Les théories qui ne tiennent pas compte des grâces me rendent triste. Je suis sensible aux idées comme si j’habitais avec elles. Comme si nous habitions toujours avec elles. 

Les pensées qui s’enracinent dans les nuances et les singularités jusqu’à assumer la coexistence des contraires créent mon oxygène. Je les guette partout : dans les faits observables, les biographies, les fictions, les témoignages, etc. Au contraire, les théories qui enferment les individualités dans des catégories closes, au nom de ce que Nietzsche appelle « l’esprit de système », me font suffoquer. Elles sont fascinantes et, jusqu’à un certain degré, elles sont éclairantes. Elles peuvent intégrer des souffrances vécues dans une certaine compréhension de la violence des normes. Mais elles ne laissent pas de place aux lignes de fuite. L’une des idées que j’aime le plus dans la pensée de Judith Butler : que les normes soient aussi mises en échec par nos comportements, quand bien même nous aspirons à nous y conformer. Une théorie de la domination doit intégrer tout ce par quoi nous échouons à performer les normes. Des sillons de liberté ou de grâce qui doivent mobiliser notre attention et nos conversations. 

Il m’a semblé, très jeune, que l’affirmation d’un déterminisme social strict, réifiant, classant les individus par catégories, était le signe d’un certain luxe. D’un privilège dirait-on plus volontiers aujourd’hui. Parfois même, d’une arrogance cynique. Je reste matérialiste, mais j’adresse une objection matérialiste à une certaine version (bourgeoise ? patriarcale ?) du matérialisme. Ressasser le déterminisme renforce l’impuissance à le subvertir.

Une espèce d’intuition pratique à laquelle je me suis toujours accrochée – tant bien que mal et en dépit de tout appui théorique – était qu’il fallait observer et imaginer tout ce qui pouvait déjouer les statistiques (puisque celles-ci me condamnaient à renoncer avant d’avoir tenté de vivre et de vivre avec joie). Tout ce qui pouvait transgresser le déterminisme. Sa pertinence théorique ne vous sauve pas. Elle ne vous aide pas à désobéir et à tracer votre voie : elle vous répète ce que vous devez penser et ce que vous ne pouvez pas faire pour qu’elle soit valide. Mais si l’on désire désobéir aux statistiques, si l’on veut vivre quand tout semble interdit d’avance, il faudra autre chose. 

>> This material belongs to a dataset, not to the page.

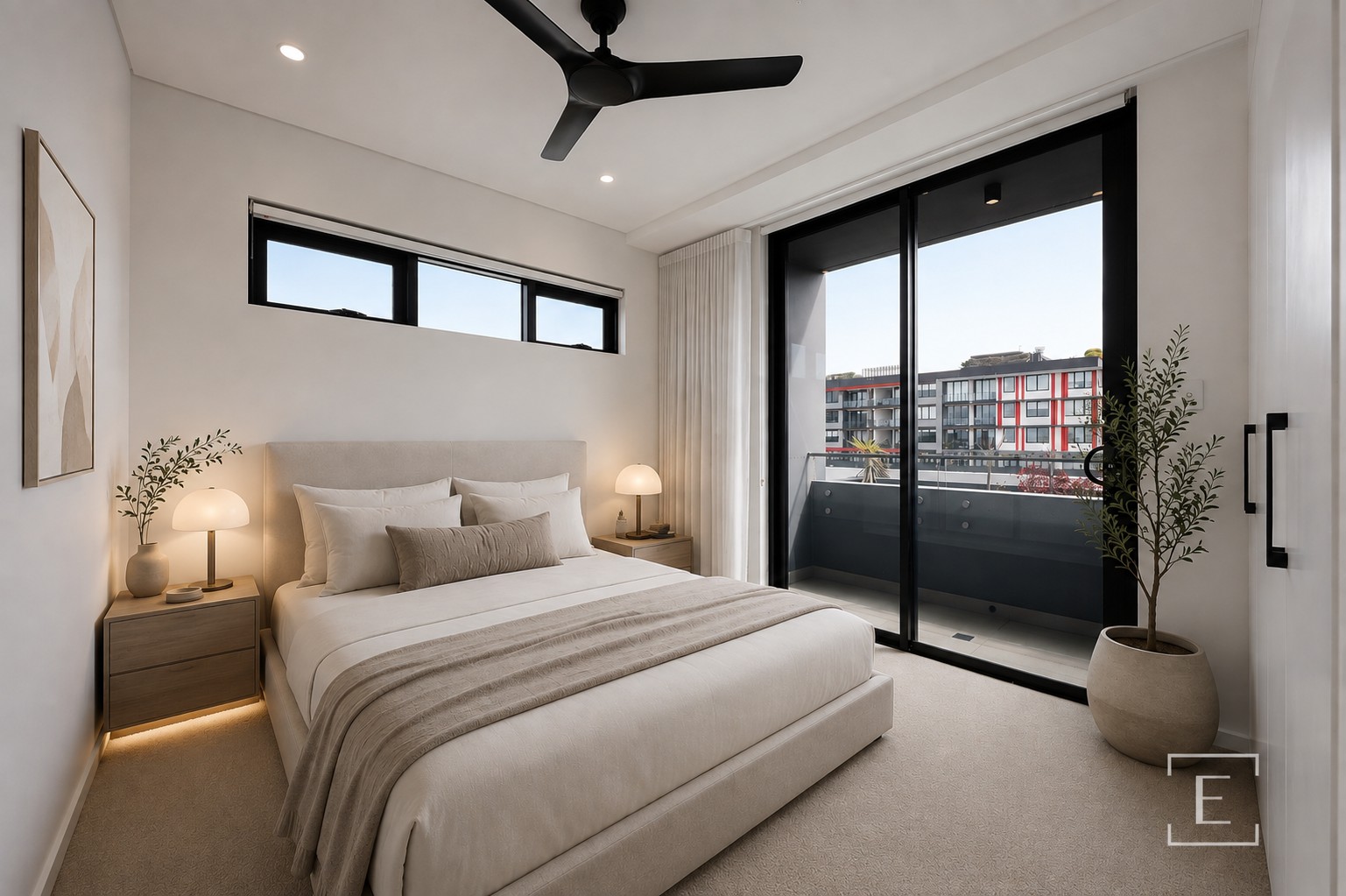 406 / 9 Wyuna Street, Beverley Park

Non pas tellement une volonté de fer, comme on le défend dans le développement personnel managérial, qui travaille à masquer les pratiques d’exploitation. Mais une capacité de perception et d’imagination. L’art obscur, souterrain, de détecter les grâces. Celles qui étirent le regard au-delà de la violence sociale qui nous entoure (et qu’il ne s’agit pas de dénier). Pour certains, leur chance est leur privilège. Pour moi, elle était pleine de « bonnes étoiles ». Des rencontres, des gestes, des aides inattendues. L’amour, la douceur, la chaleur, l’intelligence partagée, la musique, l’humour. Que je regardais et regarde encore comme autant de miracles quotidiens. 

Les idées ne sont pas des choses abstraites. Elles nous affectent. Et il m’arrive de percer une larme au contact d’une théorie. Uniquement parce qu’elle occulte les grâces, les lignes de fuite, les exceptions, les passerelles, les alliances qui font l’oxygène de la vie. Qui nous font préférer la liberté au conformisme.